Australia captain Steve Smith is still angry with himself over the ways in which he was dismissed in the Tests against Sri Lanka, especially as he thought he'd figured things out in the nets, only for it to go wrong in the middle.
Smith was one of the better batsmen for Australia, but that's all relative as they struggled mightily against Rangana Herath in particular. He took 28 wickets in the series, which Sri Lanka won three-nil.
Looking ahead to the ODI series, Smith said he still replayed some of his removals in his mind, and got annoyed with himself all over again.
Smith wrote on Fox Sports: "I'd be lying if I said I hadn't replayed my dismissals from this series over and over in my head when I've been alone in my hotel room.
"Looking back, there are several shots that I regret playing. I regret playing a cut shot and getting bowled by Rangana Herath – twice.
"Those ones really hurt me because I'd practised that exact thing in the nets a huge amount in the lead-up to this series.
"I also regret standing on middle and leg stump in the second innings of the first Test, and getting out lbw. If I had been batting on leg stump, I probably would have got my bat in the way, and not been out.
"Those sorts of things make me angry with myself, given how much I've prepared for those scenarios in the nets."
The skipper added that he had a long chat with Herath after the Test series, safe in the knowledge that the veteran bowler would not be playing in the ODIs, much to Smith's relief.
He added: "At least for the one-dayers I know that Herath won't be there – he's retired from ODI cricket. The bloke may be 37-years-old but he's still a real handful as a bowler. I would know – he got me out five times out of six in this series!

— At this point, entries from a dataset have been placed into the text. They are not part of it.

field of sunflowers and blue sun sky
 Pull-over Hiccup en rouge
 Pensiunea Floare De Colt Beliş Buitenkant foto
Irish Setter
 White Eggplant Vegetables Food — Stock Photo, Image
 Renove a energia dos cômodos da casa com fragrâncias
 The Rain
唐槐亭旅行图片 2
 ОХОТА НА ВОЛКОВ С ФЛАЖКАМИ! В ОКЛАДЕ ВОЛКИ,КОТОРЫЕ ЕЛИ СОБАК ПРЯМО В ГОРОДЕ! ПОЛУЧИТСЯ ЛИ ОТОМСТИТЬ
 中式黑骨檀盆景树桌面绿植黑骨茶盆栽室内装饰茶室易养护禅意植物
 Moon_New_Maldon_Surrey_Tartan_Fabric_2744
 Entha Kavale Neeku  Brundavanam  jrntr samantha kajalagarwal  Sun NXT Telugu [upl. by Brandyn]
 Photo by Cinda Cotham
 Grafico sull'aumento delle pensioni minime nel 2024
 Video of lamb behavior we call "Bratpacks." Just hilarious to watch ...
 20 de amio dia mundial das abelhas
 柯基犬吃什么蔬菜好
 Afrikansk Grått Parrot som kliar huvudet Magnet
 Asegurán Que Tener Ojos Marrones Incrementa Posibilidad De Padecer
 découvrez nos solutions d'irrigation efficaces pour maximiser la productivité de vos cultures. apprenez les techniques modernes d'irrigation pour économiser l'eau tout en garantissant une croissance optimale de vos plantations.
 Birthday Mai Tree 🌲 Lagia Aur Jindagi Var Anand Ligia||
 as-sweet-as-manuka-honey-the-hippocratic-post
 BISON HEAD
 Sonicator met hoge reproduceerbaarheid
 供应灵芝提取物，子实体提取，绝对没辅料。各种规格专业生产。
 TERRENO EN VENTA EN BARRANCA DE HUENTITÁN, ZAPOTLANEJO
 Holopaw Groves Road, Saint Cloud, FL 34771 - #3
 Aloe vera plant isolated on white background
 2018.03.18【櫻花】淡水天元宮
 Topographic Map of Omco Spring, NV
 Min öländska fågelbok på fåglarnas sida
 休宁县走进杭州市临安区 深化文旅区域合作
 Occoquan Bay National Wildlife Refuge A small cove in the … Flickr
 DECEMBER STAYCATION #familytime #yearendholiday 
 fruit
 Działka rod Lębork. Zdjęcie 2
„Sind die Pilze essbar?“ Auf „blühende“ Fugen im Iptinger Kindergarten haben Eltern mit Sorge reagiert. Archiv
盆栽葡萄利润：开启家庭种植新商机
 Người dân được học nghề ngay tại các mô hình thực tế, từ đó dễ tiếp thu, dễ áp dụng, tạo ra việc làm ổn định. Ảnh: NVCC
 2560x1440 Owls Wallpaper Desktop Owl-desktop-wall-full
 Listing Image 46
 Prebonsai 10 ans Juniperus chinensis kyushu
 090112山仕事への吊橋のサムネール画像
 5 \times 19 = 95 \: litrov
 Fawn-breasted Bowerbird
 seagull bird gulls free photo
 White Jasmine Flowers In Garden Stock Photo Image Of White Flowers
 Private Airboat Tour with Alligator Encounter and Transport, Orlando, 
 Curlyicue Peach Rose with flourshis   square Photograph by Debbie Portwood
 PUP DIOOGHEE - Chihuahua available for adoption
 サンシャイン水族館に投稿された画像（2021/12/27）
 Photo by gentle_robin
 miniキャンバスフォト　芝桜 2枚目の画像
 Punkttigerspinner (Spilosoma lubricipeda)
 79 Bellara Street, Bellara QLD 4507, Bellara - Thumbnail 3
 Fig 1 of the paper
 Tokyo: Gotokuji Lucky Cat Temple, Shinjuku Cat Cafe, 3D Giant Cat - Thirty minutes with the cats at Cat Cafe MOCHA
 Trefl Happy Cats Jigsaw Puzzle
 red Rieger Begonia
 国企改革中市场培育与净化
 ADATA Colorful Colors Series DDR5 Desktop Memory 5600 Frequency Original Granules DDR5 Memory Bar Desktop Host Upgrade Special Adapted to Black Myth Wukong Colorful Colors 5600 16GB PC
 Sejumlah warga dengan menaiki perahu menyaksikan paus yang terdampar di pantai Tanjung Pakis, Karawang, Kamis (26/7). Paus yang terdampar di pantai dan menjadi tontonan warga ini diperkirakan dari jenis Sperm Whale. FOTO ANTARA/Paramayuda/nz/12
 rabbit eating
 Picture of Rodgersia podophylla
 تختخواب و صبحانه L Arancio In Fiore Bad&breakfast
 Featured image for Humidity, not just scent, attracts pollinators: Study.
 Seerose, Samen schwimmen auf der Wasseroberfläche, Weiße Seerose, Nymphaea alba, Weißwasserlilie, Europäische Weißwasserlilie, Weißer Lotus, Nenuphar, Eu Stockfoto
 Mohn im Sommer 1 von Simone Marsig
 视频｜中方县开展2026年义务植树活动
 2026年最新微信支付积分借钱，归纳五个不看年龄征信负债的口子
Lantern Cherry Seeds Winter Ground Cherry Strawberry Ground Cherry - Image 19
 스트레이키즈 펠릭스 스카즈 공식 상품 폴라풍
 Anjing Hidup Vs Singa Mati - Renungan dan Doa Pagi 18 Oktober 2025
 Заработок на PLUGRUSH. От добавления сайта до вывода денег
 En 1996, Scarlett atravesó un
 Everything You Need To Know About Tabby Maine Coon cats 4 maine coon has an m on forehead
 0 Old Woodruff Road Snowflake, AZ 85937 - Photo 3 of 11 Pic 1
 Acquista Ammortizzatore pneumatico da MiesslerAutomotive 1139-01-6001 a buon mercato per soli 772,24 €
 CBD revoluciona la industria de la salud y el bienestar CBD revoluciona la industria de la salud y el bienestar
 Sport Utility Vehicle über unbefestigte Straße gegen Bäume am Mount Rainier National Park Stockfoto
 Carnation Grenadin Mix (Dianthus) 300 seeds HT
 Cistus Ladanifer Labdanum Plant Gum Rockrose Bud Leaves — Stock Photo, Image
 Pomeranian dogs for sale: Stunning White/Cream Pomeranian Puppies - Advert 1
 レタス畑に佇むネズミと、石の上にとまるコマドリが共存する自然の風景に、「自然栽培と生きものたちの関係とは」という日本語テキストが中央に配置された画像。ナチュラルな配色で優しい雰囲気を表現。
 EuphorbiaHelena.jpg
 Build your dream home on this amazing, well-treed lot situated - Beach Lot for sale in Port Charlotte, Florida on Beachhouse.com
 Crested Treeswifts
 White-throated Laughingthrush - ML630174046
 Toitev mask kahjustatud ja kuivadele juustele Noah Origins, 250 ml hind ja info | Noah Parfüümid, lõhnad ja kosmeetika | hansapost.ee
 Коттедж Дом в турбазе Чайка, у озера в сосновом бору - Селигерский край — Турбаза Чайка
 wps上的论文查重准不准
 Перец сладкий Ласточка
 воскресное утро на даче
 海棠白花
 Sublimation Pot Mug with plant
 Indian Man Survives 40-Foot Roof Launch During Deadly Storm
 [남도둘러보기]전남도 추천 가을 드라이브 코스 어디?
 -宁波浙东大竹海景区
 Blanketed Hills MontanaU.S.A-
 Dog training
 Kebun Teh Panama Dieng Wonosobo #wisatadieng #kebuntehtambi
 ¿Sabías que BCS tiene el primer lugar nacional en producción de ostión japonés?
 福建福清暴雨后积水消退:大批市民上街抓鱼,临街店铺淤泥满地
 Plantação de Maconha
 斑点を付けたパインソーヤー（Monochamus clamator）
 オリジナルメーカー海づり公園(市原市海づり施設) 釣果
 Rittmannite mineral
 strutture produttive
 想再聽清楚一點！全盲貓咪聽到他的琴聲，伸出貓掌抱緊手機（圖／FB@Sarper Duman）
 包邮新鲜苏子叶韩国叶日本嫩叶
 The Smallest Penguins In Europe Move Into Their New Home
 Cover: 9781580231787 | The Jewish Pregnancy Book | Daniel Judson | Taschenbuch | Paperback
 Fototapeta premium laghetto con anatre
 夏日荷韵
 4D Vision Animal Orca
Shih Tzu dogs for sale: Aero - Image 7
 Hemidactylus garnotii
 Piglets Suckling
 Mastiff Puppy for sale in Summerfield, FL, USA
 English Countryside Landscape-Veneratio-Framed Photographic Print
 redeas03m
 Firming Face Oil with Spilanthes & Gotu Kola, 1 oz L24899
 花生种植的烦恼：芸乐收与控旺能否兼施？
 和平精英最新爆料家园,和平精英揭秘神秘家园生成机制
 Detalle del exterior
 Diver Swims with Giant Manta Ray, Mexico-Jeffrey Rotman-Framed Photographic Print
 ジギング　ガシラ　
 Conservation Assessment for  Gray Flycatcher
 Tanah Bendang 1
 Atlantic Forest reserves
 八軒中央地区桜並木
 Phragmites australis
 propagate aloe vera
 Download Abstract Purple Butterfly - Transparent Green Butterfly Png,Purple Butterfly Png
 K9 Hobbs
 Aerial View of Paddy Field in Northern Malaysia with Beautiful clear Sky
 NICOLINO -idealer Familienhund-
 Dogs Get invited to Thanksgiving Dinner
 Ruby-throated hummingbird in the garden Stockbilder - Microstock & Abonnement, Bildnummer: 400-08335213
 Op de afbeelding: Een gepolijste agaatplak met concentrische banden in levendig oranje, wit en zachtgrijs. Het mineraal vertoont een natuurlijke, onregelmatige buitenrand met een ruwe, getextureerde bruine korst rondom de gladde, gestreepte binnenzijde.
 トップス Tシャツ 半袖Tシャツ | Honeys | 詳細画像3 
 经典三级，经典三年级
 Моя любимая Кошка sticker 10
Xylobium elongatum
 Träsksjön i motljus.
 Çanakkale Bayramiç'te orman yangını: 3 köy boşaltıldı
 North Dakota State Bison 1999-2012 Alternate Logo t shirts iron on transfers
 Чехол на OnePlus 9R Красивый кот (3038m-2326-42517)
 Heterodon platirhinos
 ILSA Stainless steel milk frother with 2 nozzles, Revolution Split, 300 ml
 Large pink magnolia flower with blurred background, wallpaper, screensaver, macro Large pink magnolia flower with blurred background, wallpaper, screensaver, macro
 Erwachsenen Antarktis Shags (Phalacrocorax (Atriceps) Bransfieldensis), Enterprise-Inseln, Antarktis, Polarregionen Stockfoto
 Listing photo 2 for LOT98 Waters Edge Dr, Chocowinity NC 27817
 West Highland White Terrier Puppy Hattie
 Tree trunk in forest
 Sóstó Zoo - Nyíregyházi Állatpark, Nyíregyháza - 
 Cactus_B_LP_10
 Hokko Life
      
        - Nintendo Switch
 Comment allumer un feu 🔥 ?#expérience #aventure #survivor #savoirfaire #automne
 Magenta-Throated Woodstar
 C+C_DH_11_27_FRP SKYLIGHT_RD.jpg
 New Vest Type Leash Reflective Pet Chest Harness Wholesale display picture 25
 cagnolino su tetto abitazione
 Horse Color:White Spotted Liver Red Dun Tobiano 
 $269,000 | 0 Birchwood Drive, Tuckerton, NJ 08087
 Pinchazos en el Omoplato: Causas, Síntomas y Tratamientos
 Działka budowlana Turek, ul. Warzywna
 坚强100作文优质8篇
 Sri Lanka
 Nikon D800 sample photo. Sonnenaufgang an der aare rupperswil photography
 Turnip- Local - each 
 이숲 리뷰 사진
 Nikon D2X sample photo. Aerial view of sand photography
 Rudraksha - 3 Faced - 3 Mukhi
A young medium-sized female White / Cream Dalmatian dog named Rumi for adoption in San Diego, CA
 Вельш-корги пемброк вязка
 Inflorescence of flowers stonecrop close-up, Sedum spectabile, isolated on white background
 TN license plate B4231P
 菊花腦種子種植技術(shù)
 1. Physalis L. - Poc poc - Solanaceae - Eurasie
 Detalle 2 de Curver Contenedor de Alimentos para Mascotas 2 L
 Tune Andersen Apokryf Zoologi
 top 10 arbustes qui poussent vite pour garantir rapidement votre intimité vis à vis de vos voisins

"We actually had a drink with the Sri Lankans after the game, and I had a chat to Herath about his bowling tactics. I joked with him that he better stay retired from one-dayers because now I might finally be able to score some runs!
"He was gracious enough to explain little things like how he changes the trajectory of the ball just by adjusting the height of his arm, and how when there's a breeze he puts the shiny side of the ball on the outside to try get the ball to drift.
"I normally wouldn't talk so openly with an opponent like that, but he got me out so often that I needed to try work out what to do! I really appreciated him being so open with me."